Top of RECORDS

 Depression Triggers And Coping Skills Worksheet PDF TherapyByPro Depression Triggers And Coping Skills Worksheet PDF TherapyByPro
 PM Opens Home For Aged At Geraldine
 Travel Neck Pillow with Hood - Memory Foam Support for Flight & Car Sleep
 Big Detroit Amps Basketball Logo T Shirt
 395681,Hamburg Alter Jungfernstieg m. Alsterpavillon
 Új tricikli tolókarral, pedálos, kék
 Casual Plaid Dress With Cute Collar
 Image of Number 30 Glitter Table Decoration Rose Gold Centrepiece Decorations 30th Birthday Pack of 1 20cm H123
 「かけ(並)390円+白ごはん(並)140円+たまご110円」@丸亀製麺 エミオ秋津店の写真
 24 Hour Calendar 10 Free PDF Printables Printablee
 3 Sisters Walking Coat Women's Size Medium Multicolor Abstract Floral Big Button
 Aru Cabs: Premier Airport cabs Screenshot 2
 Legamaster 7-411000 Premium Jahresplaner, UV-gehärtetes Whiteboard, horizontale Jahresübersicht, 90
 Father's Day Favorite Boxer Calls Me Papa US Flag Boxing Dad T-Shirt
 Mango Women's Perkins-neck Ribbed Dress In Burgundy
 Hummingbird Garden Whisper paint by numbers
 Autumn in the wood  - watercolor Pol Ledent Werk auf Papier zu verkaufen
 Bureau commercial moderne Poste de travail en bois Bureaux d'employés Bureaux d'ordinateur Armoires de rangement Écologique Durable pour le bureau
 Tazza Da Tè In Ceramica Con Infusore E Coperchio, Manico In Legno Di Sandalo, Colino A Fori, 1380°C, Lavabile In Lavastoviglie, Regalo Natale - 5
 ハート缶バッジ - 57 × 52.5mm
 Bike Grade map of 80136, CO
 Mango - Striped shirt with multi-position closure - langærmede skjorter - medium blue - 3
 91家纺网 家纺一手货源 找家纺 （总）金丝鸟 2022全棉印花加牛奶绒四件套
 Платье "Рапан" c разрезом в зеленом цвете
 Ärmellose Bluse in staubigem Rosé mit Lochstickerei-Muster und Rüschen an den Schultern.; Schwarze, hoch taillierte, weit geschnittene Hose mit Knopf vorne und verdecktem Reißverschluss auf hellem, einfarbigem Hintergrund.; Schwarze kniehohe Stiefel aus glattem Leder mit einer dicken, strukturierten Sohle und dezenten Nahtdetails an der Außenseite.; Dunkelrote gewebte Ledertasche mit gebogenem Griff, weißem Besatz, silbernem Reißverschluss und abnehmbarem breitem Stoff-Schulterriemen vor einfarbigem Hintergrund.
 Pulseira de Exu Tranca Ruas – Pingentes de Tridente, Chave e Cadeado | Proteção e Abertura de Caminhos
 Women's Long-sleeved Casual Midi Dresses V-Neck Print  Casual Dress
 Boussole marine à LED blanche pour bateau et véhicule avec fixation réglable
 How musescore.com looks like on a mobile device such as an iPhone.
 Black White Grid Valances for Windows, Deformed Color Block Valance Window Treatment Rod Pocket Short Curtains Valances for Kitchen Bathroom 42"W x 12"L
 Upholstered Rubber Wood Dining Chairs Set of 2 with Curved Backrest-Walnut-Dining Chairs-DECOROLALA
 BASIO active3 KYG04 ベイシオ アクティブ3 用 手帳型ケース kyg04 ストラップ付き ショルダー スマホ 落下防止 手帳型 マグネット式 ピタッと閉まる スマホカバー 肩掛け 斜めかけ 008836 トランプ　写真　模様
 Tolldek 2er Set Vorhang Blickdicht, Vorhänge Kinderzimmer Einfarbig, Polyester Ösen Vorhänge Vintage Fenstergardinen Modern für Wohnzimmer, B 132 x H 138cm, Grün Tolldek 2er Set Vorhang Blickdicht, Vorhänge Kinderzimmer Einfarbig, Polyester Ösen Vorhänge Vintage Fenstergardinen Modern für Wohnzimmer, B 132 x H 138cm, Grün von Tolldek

Bottom of RECORDS

* _WORK ORDER_:
In full and exactly as written, repeat the data.

* _WRITTEN RESPONSE_:
 Depression Triggers And Coping Skills Worksheet PDF TherapyByPro Depression Triggers And Coping Skills Worksheet PDF TherapyByPro
 PM Opens Home For Aged At Geraldine
 Travel Neck Pillow with Hood - Memory Foam Support for Flight & Car Sleep
 Big Detroit Amps Basketball Logo T Shirt
 395681,Hamburg Alter Jungfernstieg m. Alsterpavillon
 Új tricikli tolókarral, pedálos, kék
 Casual Plaid Dress With Cute Collar
 Image of Number 30 Glitter Table Decoration Rose Gold Centrepiece Decorations 30th Birthday Pack of 1 20cm H123
 「かけ(並)390円+白ごはん(並)140円+たまご110円」@丸亀製麺 エミオ秋津店の写真
 24 Hour Calendar 10 Free PDF Printables Printablee
 3 Sisters Walking Coat Women's Size Medium Multicolor Abstract Floral Big Button
 Aru Cabs: Premier Airport cabs Screenshot 2
 Legamaster 7-411000 Premium Jahresplaner, UV-gehärtetes Whiteboard, horizontale Jahresübersicht, 90
 Father's Day Favorite Boxer Calls Me Papa US Flag Boxing Dad T-Shirt
 Mango Women's Perkins-neck Ribbed Dress In Burgundy
 Hummingbird Garden Whisper paint by numbers
 Autumn in the wood  - watercolor Pol Ledent Werk auf Papier zu verkaufen
 Bureau commercial moderne Poste de travail en bois Bureaux d'employés Bureaux d'ordinateur Armoires de rangement Écologique Durable pour le bureau
 Tazza Da Tè In Ceramica Con Infusore E Coperchio, Manico In Legno Di Sandalo, Colino A Fori, 1380°C, Lavabile In Lavastoviglie, Regalo Natale - 5
 ハート缶バッジ - 57 × 52.5mm
 Bike Grade map of 80136, CO
 Mango - Striped shirt with multi-position closure - langærmede skjorter - medium blue - 3
 91家纺网 家纺一手货源 找家纺 （总）金丝鸟 2022全棉印花加牛奶绒四件套
 Платье "Рапан" c разрезом в зеленом цвете
 Ärmellose Bluse in staubigem Rosé mit Lochstickerei-Muster und Rüschen an den Schultern.; Schwarze, hoch taillierte, weit geschnittene Hose mit Knopf vorne und verdecktem Reißverschluss auf hellem, einfarbigem Hintergrund.; Schwarze kniehohe Stiefel aus glattem Leder mit einer dicken, strukturierten Sohle und dezenten Nahtdetails an der Außenseite.; Dunkelrote gewebte Ledertasche mit gebogenem Griff, weißem Besatz, silbernem Reißverschluss und abnehmbarem breitem Stoff-Schulterriemen vor einfarbigem Hintergrund.
 Pulseira de Exu Tranca Ruas – Pingentes de Tridente, Chave e Cadeado | Proteção e Abertura de Caminhos
 Women's Long-sleeved Casual Midi Dresses V-Neck Print  Casual Dress
 Boussole marine à LED blanche pour bateau et véhicule avec fixation réglable
 How musescore.com looks like on a mobile device such as an iPhone.
 Black White Grid Valances for Windows, Deformed Color Block Valance Window Treatment Rod Pocket Short Curtains Valances for Kitchen Bathroom 42"W x 12"L
 Upholstered Rubber Wood Dining Chairs Set of 2 with Curved Backrest-Walnut-Dining Chairs-DECOROLALA
 BASIO active3 KYG04 ベイシオ アクティブ3 用 手帳型ケース kyg04 ストラップ付き ショルダー スマホ 落下防止 手帳型 マグネット式 ピタッと閉まる スマホカバー 肩掛け 斜めかけ 008836 トランプ　写真　模様
 Tolldek 2er Set Vorhang Blickdicht, Vorhänge Kinderzimmer Einfarbig, Polyester Ösen Vorhänge Vintage Fenstergardinen Modern für Wohnzimmer, B 132 x H 138cm, Grün Tolldek 2er Set Vorhang Blickdicht, Vorhänge Kinderzimmer Einfarbig, Polyester Ösen Vorhänge Vintage Fenstergardinen Modern für Wohnzimmer, B 132 x H 138cm, Grün von Tolldek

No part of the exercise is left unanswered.